Exercise prompt: Once the line with "True Royal leopard" has been located in the records below, set down that line and all subsequent lines exactly, omitting the pictures.

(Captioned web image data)
________________________________________

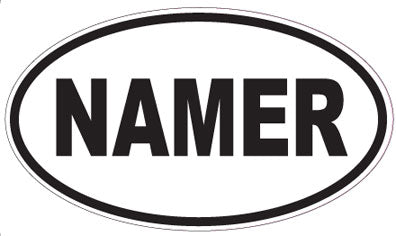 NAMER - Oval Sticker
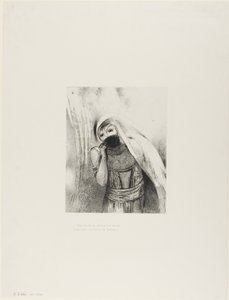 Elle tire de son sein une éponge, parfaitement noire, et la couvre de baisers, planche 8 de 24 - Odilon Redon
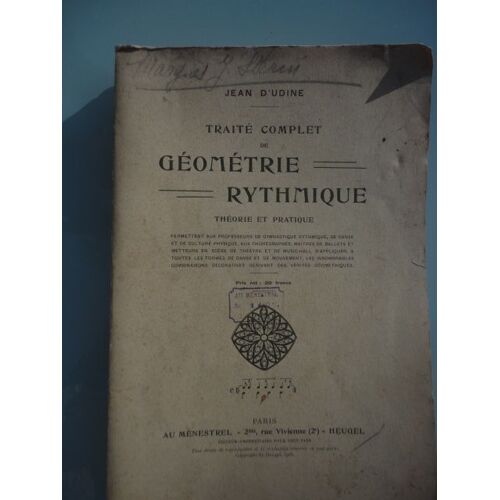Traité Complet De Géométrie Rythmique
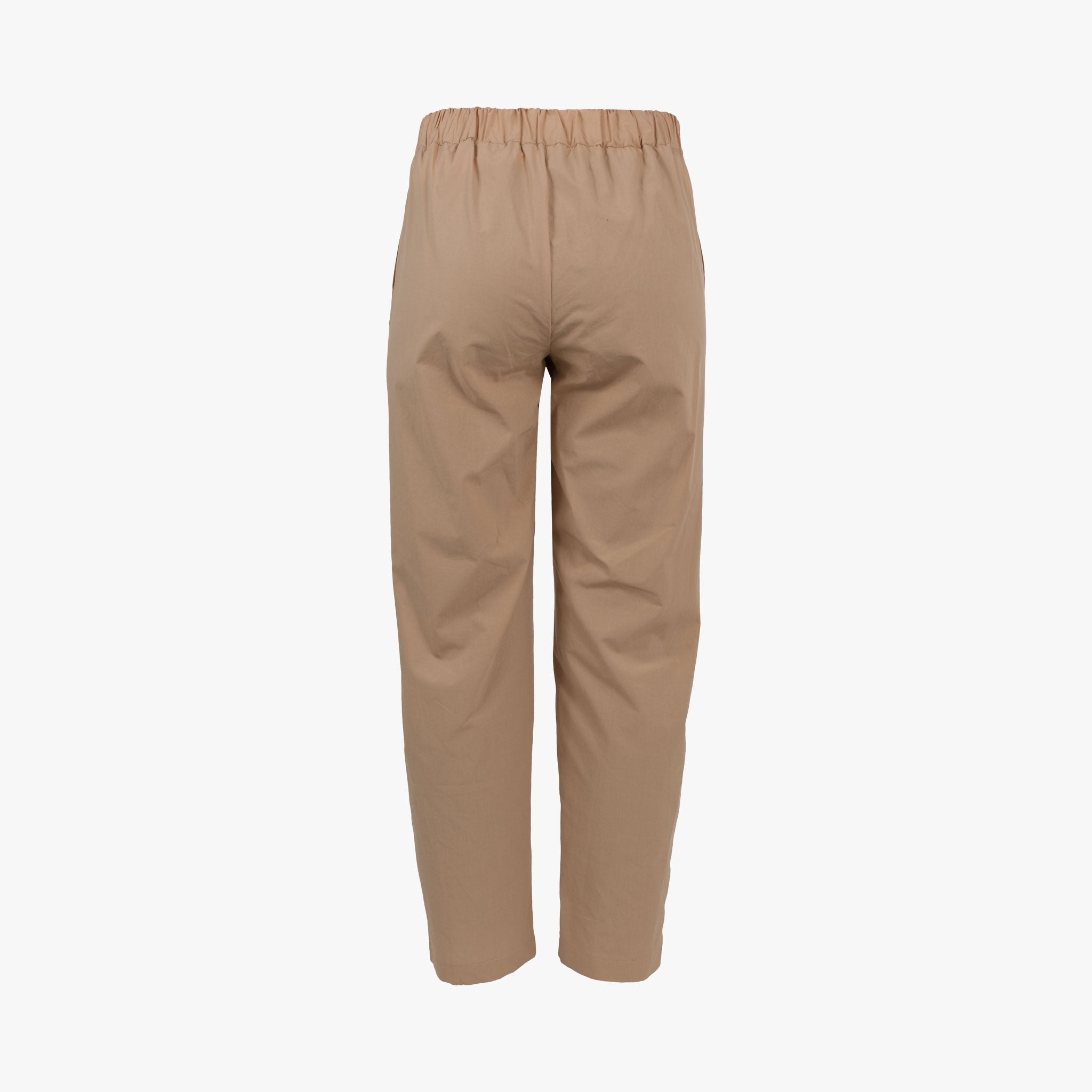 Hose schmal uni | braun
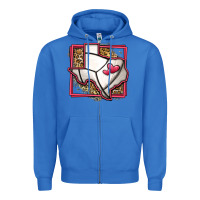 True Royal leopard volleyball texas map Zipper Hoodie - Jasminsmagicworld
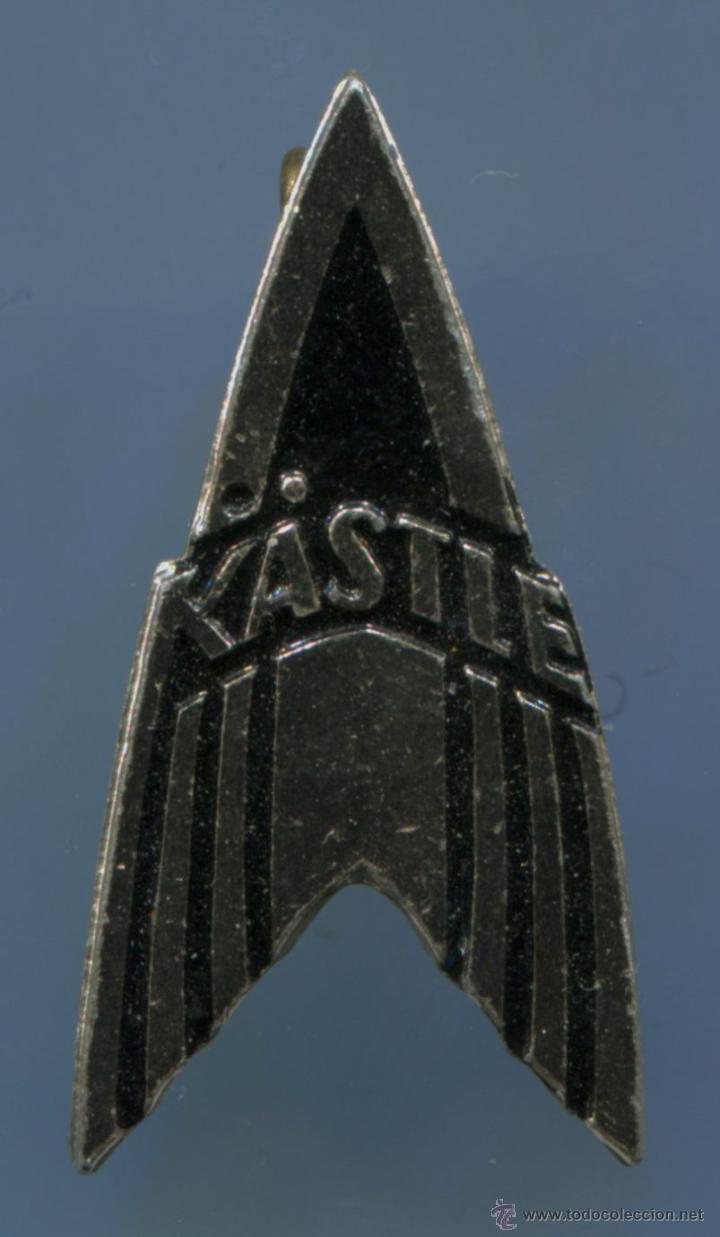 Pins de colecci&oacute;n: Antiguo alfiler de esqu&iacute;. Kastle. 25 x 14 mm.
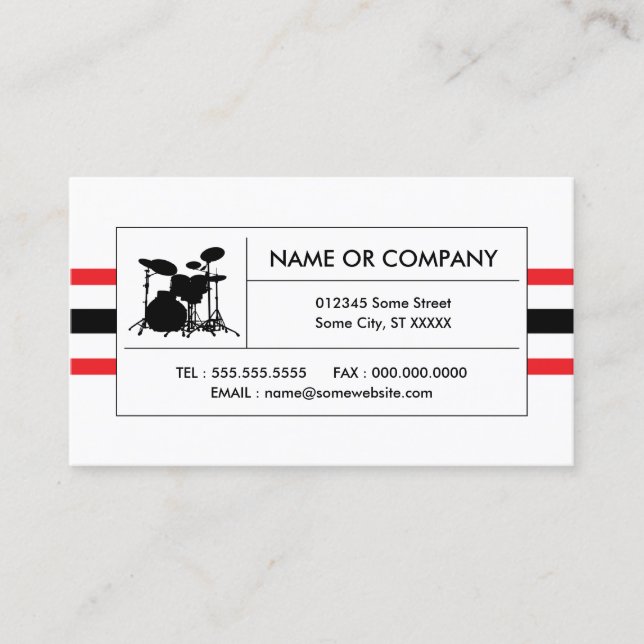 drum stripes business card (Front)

________________________________________

Problem solution:
 True Royal leopard volleyball texas map Zipper Hoodie - Jasminsmagicworld
 Pins de colecci&oacute;n: Antiguo alfiler de esqu&iacute;. Kastle. 25 x 14 mm.
 drum stripes business card (Front)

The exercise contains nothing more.